From my understanding, compile-time dependent types (which is all that's needed to mimic statically dispatched generics) are easy, and C++ templates support them (I haven't tried Rust const generics but I hear they're quite limited). Runtime dependent types are much less common, and (given my limited understanding of dependent types) I could describe trait objects (&dyn Trait) as a dependent pair (ptr, Trait-shaped vtable containing *fn taking ptr's type) (though rustc hard-codes support for trait objects, and its job is easier since it never lets ptr change runtime type while its target is used for a &dyn Trait).
Rust's const generics today are limited to the built-in integral types (so, char, bool, and the various sizes of signed or unsigned integer) and the constant must actually be an obvious constant, so e.g. a literal, or something you could assign to a const in Rust. So yes that's much less flexible than C++.

Some of the flexibility in C++ here is desirable, much of it is either wanking or outright dangerous.

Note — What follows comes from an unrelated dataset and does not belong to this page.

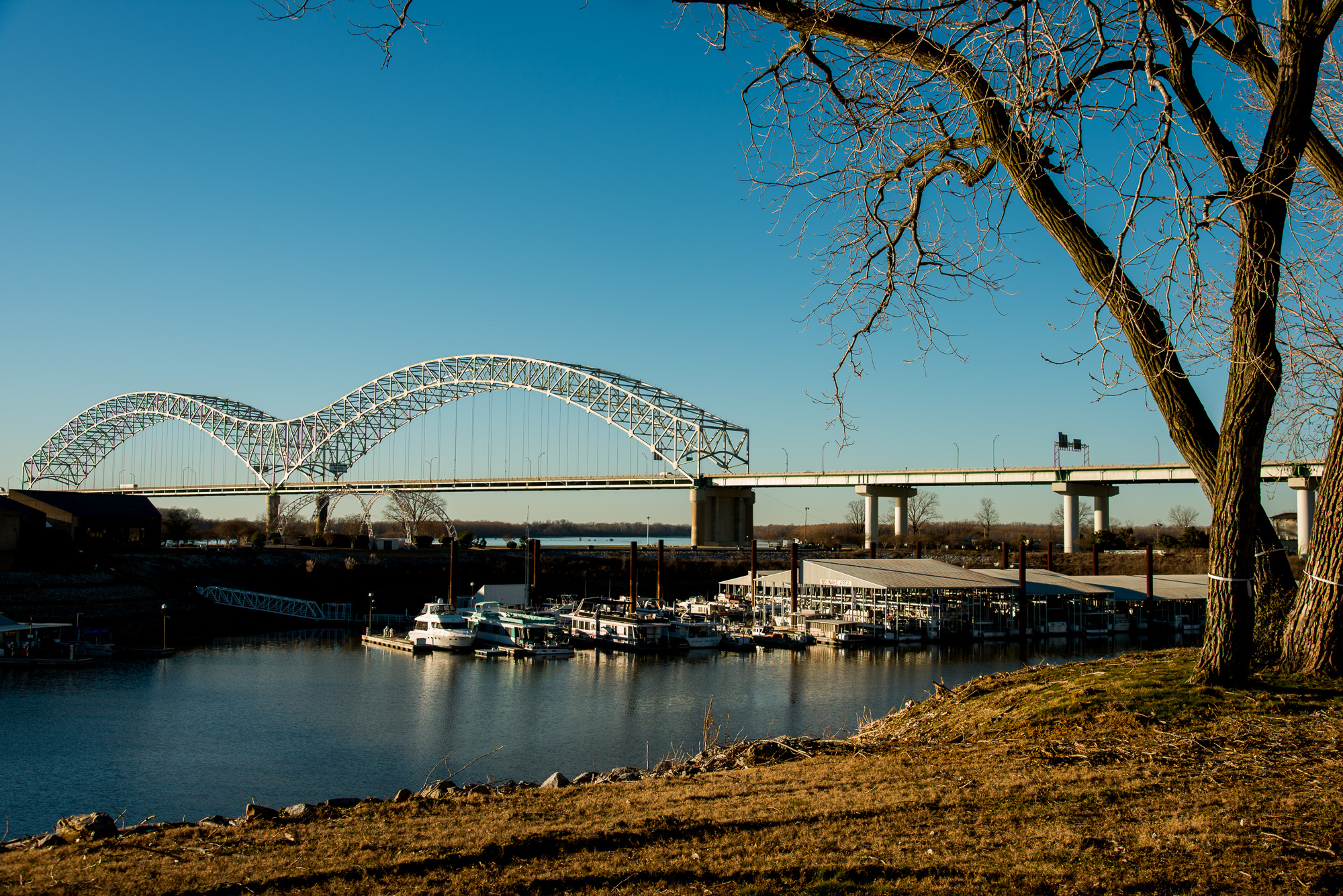 Berges du Mississipi ert Mud island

C++ will allow a float generic for example, which is obviously a footgun because good luck explaining why Thing<NaN> and Thing<NaN> are different types...

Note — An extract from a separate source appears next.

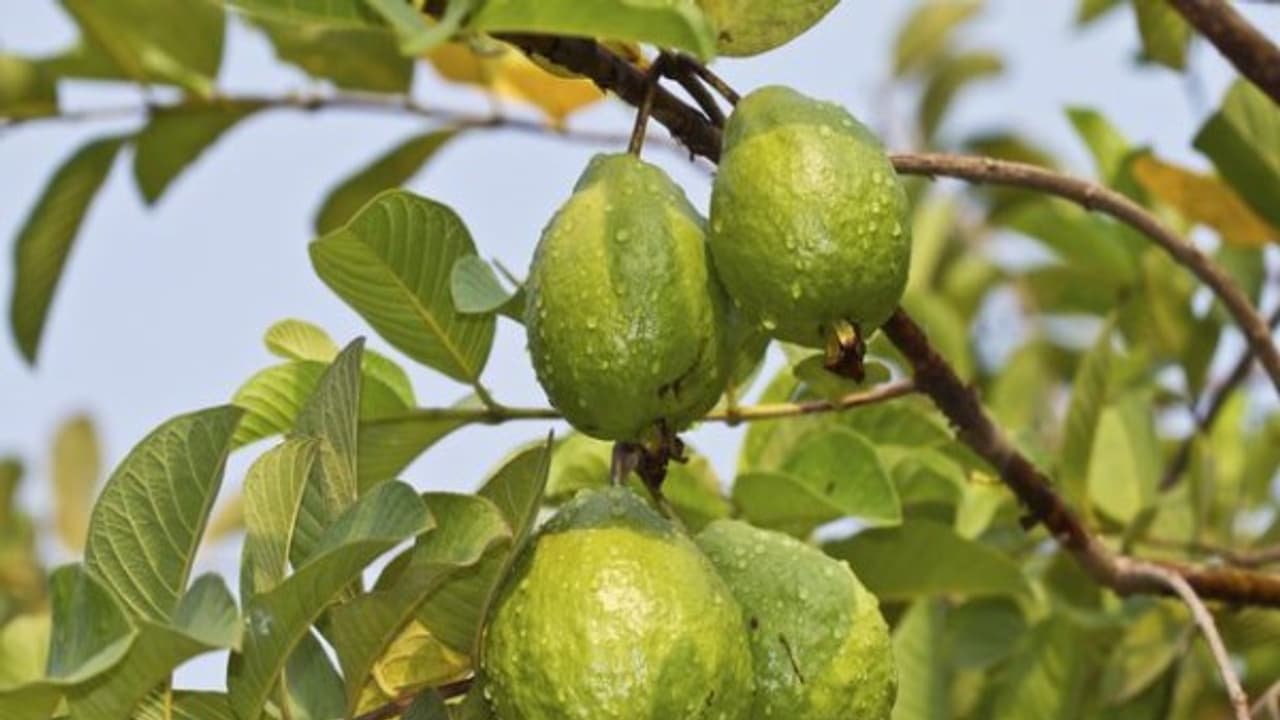 கொய்யா சாகுபடிக்கு நிலத்தை எப்படி தயார் செய்யணும்? முழு தகவலும் உள்ளே... கொய்யா சாகுபடிக்கு நிலத்தை எப்படி தயார் செய்யணும்? முழு தகவலும் உள்ளே...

Rust expects to sooner or later ship Const generics for user-defined types, but to exclude the nonsense of "float generic" the likely rule goes like this: Your const parameter type must derive PartialEq and Eq. It won't be enough to implement them yourself as your implementation might be nonsense (e.g. misfortunate::Maxwell implements Eq but no Maxwell is equal to anything, including itself) you'll need to use the derive macro which promises the compiler these things actually have working equivalence so that Thing<A> and Thing<B> are the same type if A and B are equivalent.

>Some of the flexibility in C++ here is desirable, much of it is either wanking or outright dangerous. C++ will allow a float generic for example, which is obviously a footgun because good luck explaining why Thing<NaN> and Thing<NaN> are different types...

It's not nonsense, there are legitimate use-cases for floating point template params. A classic example is something like generateInlinedVersionOfFunction<someInt, someFloat>() that generates a class or function with some particular values inlined for efficiency. Using nan as a template parameter is stupid, but it's not especially more dangerous than using nan in general, since any issues specific to its compile-time usage will manifest at compile time, not runtime.

It does nobody any favours to just dismiss advanced features Rust doesn't support as dangerous and unnecessary just because most Rust programmers haven't come across a use-case.

> It does nobody any favours to just dismiss advanced features Rust doesn't support as dangerous and unnecessary just because most Rust programmers haven't come across a use-case.

I think requiring decidable equality for const generics is a fine approach for a limited MVP like what Rust is going with at present. Sure there are more general settings but they would need dependent types and the user would have to write proofs of type equality/apartness anytime the issue came up in a compile. Seems like a bit of a non-starter for now, even though it's effectively what enables non-trivial logical features like homotopy types.

> A classic example is something like generateInlinedVersionOfFunction<someInt, someFloat>() that generates a class or function with some particular values inlined for efficiency.

This smells very bad. Seems like a better choice is a macro, and I understand that in C++ the macros are awful and worth avoiding, but Rust has decent declarative macros for this type of work.

Do you have some real world examples?

Can't you do that in Rust with a macro?
You can always just convert your float to a bit-equivalent int and back for the type param if you really want it. I have never seen floats used for template parameters in the wild, other than party tricks like wrapping a float in a struct with an "epsilon" parameter used for the operator<. Which is all kinds of wrong.
AIUI, practical dependent types are always evaluated at compile time, but the difference with something like C++ generics is that the types can include references to program bindings that relate to runtime values. This means that dependent types can express proofs evaluated at compile time about the runtime properties of a program.